New Delhi: The Durga idol, asuras (demons), tiger, birds and human figures all come together in colourful canvases created by Kolkata-based Assamese artist Nandan Purkayastha who uses the rotring ballpoint pen for these intricately detailed patterns. You can spot all his characters in flowing garments almost floating in air and sharing space with flora and fauna, all intertwined with each other to form a surreal dreamscape of magical realism. Inspired by Indian folklore and western cowboy comics, 30-year-old Purkayastha, an alumni of National Institute of Fashion Technology (NIFT), Delhi,  is showing a solo show titled Festive Fantasy at Gallerie Ganesha, E-557, Greater Kailash II, New Delhi from October 21 to November 14, 2016, 11 a.m to 7 p.m.

 

Says Shobha Bhatia, Director, Gallerie Ganesha: “This is a collection of works filled with fantasy forms that border on and feed from the edge of reality.”

 

In some of his works, done both in monochrome drawings and colourful paintings, the prime figure is that of Goddess Durga, though constructed in a surreal manner. “I was born in Tinsukhia in Assam surrounded by folklore, and was extremely fond of reading western cowboy comics.
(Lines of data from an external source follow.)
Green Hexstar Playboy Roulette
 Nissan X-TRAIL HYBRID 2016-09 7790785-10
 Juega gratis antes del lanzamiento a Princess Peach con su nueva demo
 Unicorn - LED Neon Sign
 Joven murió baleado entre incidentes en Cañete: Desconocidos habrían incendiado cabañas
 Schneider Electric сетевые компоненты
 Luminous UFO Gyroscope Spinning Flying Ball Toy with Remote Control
In my work, you will stories that have emerged from the East but the drawing style is inspired by western comics. Durga Puja and Bihu were part of my childhood in Assam so they always form part of my work.”

 

Hence, paintings like Celestial Realm and Devotion focus on Durga Puja festivities and rituals, ranging from creation of the idols to their immersion. “There is an entire ceremony associated with the creation of these idols, from collection of clay to decorating the idol.” In the same work, one can also spot myriad other figures, Raavan (the demon kind), for instance. “I think he is a strong, spiritual character, who has both negative and positive attributes.” It is this dichotomy in human nature that Purkayastha also seeks to show through the recurring motif of masks in many works. “Masks are used by different people for different things. A clown uses a mask to make people laugh, while some use it to hide their real emotions. There is a mask for everyone.”

 

The impact of his training in fashion is evident in the use of the rotring ballpoint pen and in the clothes and hairstyle of figures and the contours of birds and beasts, which are derived both from mythological and modern stories. Motifs from nature form an integral part of his work as well, as do human figures that portray different expressions and sentiments.